TM . Votre période au sein de l’Académie se termine en septembre 2019. Et après ?

AB . Ce sera peut-être un peu plus calme mais… ce n’est pas certain. J’espère pouvoir donner des concerts, chanter dans des opéras. Je dois m’occuper de mon répertoire, être prête pour des remplacements. Et en attendant, donner des concerts, et puis vivre, tout simplement.

TM . Comment savez-vous quels rôles travailler ?

AB . Selon la voix que l’on a et le répertoire en vogue, on peut supposer quels rôles vont avoir besoin d’être pourvus. Les agents savent ce qui va se faire, quels opéras vont être montés et c’est aussi leur rôle de nous tenir au courant. Cela permet de se tenir prête.

TM . Quels sont les rôles qui vous font rêver ?
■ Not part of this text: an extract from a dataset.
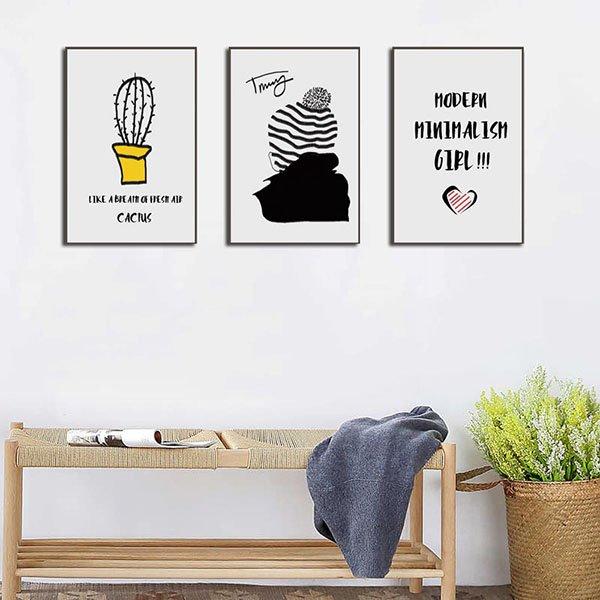 Tranh nghệ thuật trừu tường cô gái và xương rồng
AB . Ils sont nombreux. Parmi ceux qui correspondent à ma voix, il y a la Traviata et Tosca, des rôles mythiques, qui font rêver toutes les chanteuses. Il y a aussi Madame Butterfly, la comtesse des Noces de Figaro, dont j’ai déjà interprété des extraits à l’Opéra Garnier, et Desdemone, dans Otello.
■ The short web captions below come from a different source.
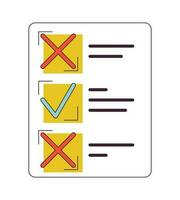 Checklist with tasks flat line color isolated vector object. Editable clip art image on white background. Simple outline cartoon spot illustration for web design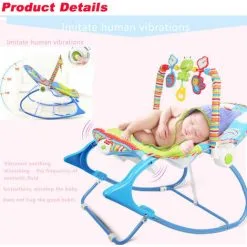 KEEPBUYING Portable Baby Bouncer Rocker Chair Portable Vibration Cradle Musical Infant Swing Seat - Blue 10 KEEPBUYING Portable Baby Bouncer Rocker Chair Portable Vibration Cradle Musical Infant Swing Seat - Blue -Children's chairs Sales Store 94659777 4
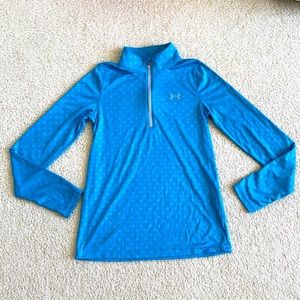 Under Armour Blue Long Sleeves Heatgear Loose Fit Size Youth Large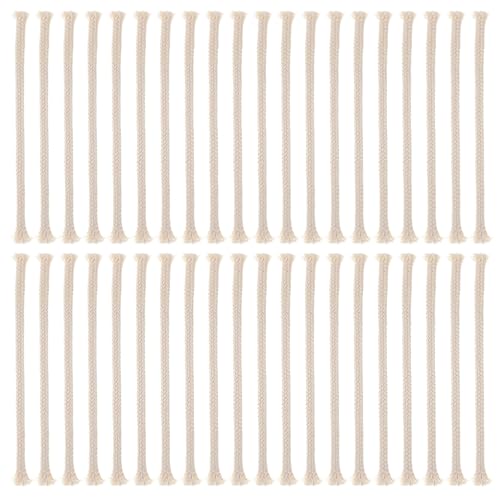 Lusofie 40pcs 1/4\" Oil Lamp Wicks Round Cotton Wicks for Tiki Torches, Alcohol Candle Burner, Kerosene Lamp, Oil Lantern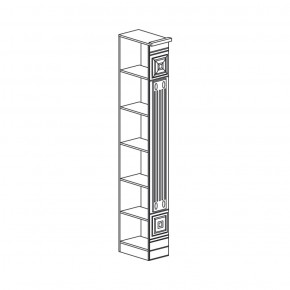 Стеллаж торцевой Лючия 190 дуб оксфорд (Яна) в Нягани - nyagan.mebel-e96.ru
TM . Quel est votre programme dans les mois à venir ?

AB . J’ai du travail en prévision d’auditions, des concerts programmés à l’Opéra Bastille. Egalement à l’Opéra Garnier en janvier, où je chanterai un air et un duo au cours d’un concert de gala. En février, je donnerai un récital à l’Opéra de Bordeaux lors d’un midi musical. Ensuite, de mars à mai, je serai en tournée avec Die Fledermauss (La chauve-souris), une opérette de Johann Strauss, dans une version de chambre, avec d’autres musiciens de l’Académie, les musiciens de l’orchestre-atelier Ostinato et le chœur Unikanti. En juin, j’enregistrerai un concert avec Radio classique. J’ai aussi réussi une audition qui devrait m’amener à travailler au Liceu de Barcelone dans une ou deux saisons.

Pour en savoir plus : Le site personnel d’Angélique et son compte Instagram.
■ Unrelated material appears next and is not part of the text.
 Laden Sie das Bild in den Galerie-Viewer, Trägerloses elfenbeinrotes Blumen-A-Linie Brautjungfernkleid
Ses prochains concerts : à l’Opéra Garnier, Paris (16 janvier), à l’Opéra national de Bordeaux (6 février), dans La chauve-souris de Johann Strauss (toutes les dates de mars à mai).

Pour voir toute la finale du concours Voix Nouvelles.

Angélique interprète le personnage de Micaela : « Je dis que rien ne m’épouvante », un air tiré de Carmen, de Georges Bizet.

  1. En confidence, Angélique dit que la voyelle qui lui pose le plus de problème, c’est le A. Beaucoup d’apprenties-chanteuses devraient se sentir un peu moins seules…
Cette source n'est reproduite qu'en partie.